Consider the size of the web in terms of graph size:
- Thinking of vertices as pages, we have 4.77 billion - 50 billion (i.e. large changes per day)
- Thinking of links as directed edges, we have 100 billion - 1 trillion links
We have a power law for the fraction of pages that have $k$ links, i.e. $P(k) \sim k^{-\gamma}$
- Lots of pages have 0-1 in-links

Note Fibonacci binning ⇒ bin size increases by Fibonacci sequence, should use if plotting to log-log space.

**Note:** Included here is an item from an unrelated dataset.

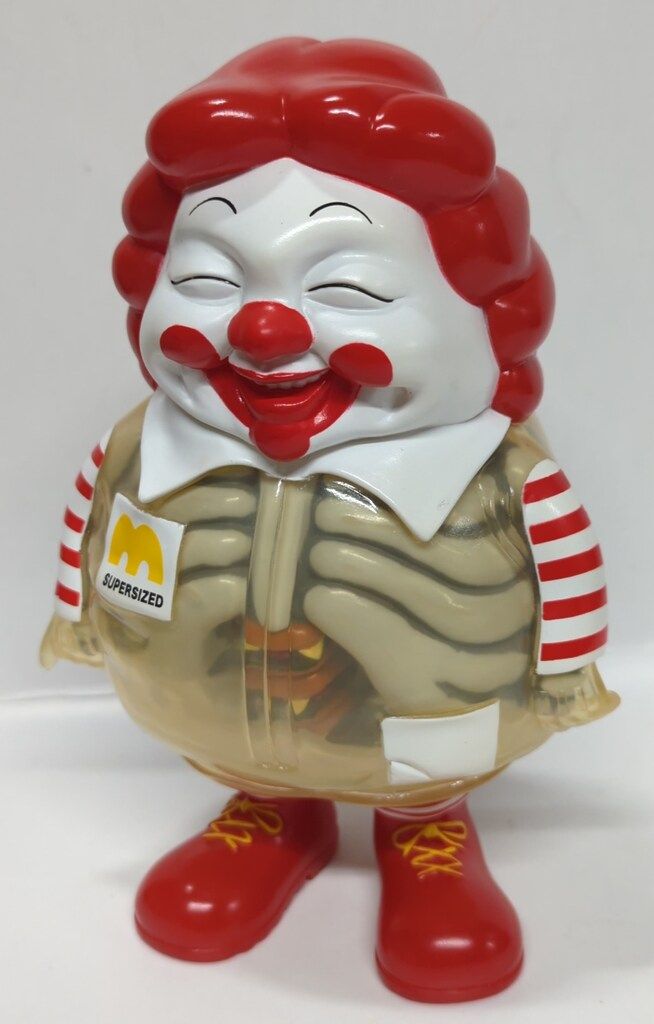 SECRETBASE RON ENGLISH X-RAY MC SUPER SIZED in HAMBURGER ver. Ron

- The most common out-degree of a web page is also 1

It is clear that the web graph is big data, so we need Hadoop. We observe that many graph algorithms involve:
- local computations for each node
- propagating these results to neighbors (i.e. graph traversal - think Dijkstra’s for example)
Thus, we must consider:
- Best representation for a graph?
- Adjacency list - easy to consider Key-value pairs, as keys are vertices, values are the corresponding adjacency lists
- How to perform local computations?
- Local computation ⇒ notion of independence, easier to model with MapReduce
- How to perform traversal? (propagation)
- Collecting propagated messages to other vertices is reduce-like (sending messages to neighbors is non-local computation)
- If we override hash partitioner, we can try to partition in a way to minimize number of inter-partition edges
We will often do a BFS.
Single Source Shortest Path
In this problem, we want to find the shortest path from a single source node to all other nodes. Note that “shortest” in this context can refer to fewest links or the lowest total weight.